New Siri Vs Old Siri Spike
A side-by-side test where you give “new siri vs old siri” the exact same real-life tasks and score what actually changed.
Most people will assume it’s a total upgrade, but the reveal is which everyday prompts still fail (or got weirder) even after the “new” label.
- Split-screen screen recording of both Siri versions answering the same prompts
- Timer on screen for response speed
- A simple scoreboard overlay (Pass/Fail/Partial)
- On-camera reactions to obvious wins/fails
- Real-world tasks: texting, reminders, calendar, directions, “summarize my last message,” etc.
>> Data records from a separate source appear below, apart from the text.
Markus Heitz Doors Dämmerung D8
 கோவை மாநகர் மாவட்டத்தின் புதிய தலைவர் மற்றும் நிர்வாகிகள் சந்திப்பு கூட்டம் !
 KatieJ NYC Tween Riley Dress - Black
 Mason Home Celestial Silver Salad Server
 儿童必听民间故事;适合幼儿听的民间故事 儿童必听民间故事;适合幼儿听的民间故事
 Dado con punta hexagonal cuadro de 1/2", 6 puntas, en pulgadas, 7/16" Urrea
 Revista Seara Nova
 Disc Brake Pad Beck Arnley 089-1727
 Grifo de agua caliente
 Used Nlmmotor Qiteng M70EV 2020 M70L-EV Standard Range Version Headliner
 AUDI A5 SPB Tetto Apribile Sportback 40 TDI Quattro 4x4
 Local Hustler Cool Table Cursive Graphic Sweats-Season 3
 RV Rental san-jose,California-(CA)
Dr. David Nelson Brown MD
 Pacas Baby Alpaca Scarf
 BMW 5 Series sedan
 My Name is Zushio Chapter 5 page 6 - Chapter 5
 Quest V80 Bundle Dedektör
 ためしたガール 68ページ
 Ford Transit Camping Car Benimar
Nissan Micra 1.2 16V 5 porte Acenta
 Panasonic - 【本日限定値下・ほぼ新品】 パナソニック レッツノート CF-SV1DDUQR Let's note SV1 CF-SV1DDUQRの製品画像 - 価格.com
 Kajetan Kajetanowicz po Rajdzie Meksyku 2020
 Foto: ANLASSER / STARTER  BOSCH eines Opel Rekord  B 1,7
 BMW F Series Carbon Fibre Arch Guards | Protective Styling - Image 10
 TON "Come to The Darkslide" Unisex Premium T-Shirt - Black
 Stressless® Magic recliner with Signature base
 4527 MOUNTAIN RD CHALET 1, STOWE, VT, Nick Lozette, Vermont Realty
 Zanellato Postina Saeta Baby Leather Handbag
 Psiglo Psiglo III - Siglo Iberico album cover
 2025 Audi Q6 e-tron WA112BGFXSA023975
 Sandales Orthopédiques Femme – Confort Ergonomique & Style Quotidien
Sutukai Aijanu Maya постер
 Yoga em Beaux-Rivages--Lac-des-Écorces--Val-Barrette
Viewers leave with a clear checklist of what “new siri” is better at, what’s unchanged, and the 3 prompts they should actually use.
THE TAKE
“New siri vs old siri” is a distribution event because it’s a built-in comparison story: people are already arguing in their head which one is real, which one is hype, and whether they’ll feel the difference today. Your job is to turn that curiosity into visible proof fast.
THE MECHANISM
This keyword travels because it hits three behaviors at once:
- Low-friction curiosity: “Did it actually change?”
- Social proof hunger: viewers want an answer they can repeat in one sentence.
- Easy judging: side-by-side tests make the audience feel smart instantly.
If you show the same prompts, same phone context, and a simple scorecard, viewers don’t need trust—they can see it.
EXECUTION
Packaging (3 fast title angles):
1) “New Siri Vs Old Siri: Same Prompts, Wild Results”
2) “I Tested New Siri Vs Old Siri (10 Real Tasks)”
3) “New Siri Vs Old Siri: What Actually Changed?”
Ship-today video idea (Format + length): 45–60s Short, split-screen test.
Hook line to say on camera: "New siri vs old siri—same 5 prompts, and one of them embarrasses itself."
Thumbnail angle: Big split screen “NEW” vs “OLD” + a 3-word stamp: “PASS / FAIL”.
Filming plan (do this):
- Record both versions attempting the same 5 prompts (pick 2 practical, 2 AI-ish, 1 weird).
- Add an on-screen timer and a Pass/Fail/Partial score after each answer.
- End with “Top 2 prompts to steal” + “1 thing still broken.”
Don’t do this: read update notes—show the prompts.
Everyone loves progress until the stopwatch shows up.